Foot traffic is low on York Street these days. Businesses owners say they’ve lost close to 50 percent of revenue over the last eight weeks, and who’s to blame? Owners are pointing the finger at the demolition.
“It’s like a dead zone right now,” said Mark Rojas, The Olfactory Company Owner.
The federal government is tearing down the old courthouse annex to build a brand new one to accommodate for more space. Local business owners say they are facing the brunt of the project.
“Literally, two hours can go by and we don’t have a person walk through the door," said Gary Hall, Wright Square Cafe Owner.
Right now, York Street is closed from Barnard Street to Whitaker Street as the old building is demolished. The city has placed signs out to help move traffic to their street, but owners are getting their hands dirty, too.
“We actually started just going and putting sidewalk chalk everywhere, trying to direct people this way. listing all of the shops that are around here to get people coming so they know we’re here," said Ian Carlisle, Carlisle of York Co-owner.
Without tour company buses or carriage tours driving their usual route down York Street, owners say its been quiet for the last eight weeks. This is usually the highlight of their peak season.
“My lunch business is pretty good. It is where it should be.

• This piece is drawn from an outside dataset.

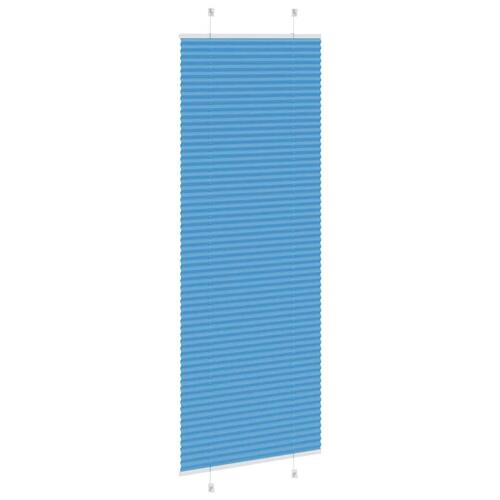 Plisségardin Blå 80x200 cm Stofbredde 79,4 cm Polyester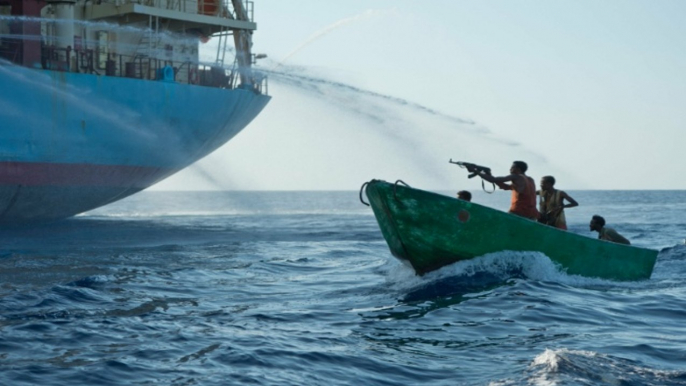 Somali pirates VS Private security . Polemic REAL FOOTAGE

It’s the afternoon business. They don’t see us in the morning and they don’t come back wandering as they passed by," Hall said.
“Luckily, we have our locals to thank for supporting us and keeping us going, but really, we are just not getting the tourists," Carlisle said.
Some businesses have seen a day come and go without a single sale. Owners say it’s crushing.
“We are just a mom and pop shop, so we are here seven days a week. We don’t have a lot of employees working for us. It’s just us. We do what we have to do to get our rent paid and everything else," Rojas said.
The City of Savannah says it will likely stay that way until the two-year building process is finished. Owners are trying to advocate with bus companies and carriage tours to alter their new routes to include their businesses.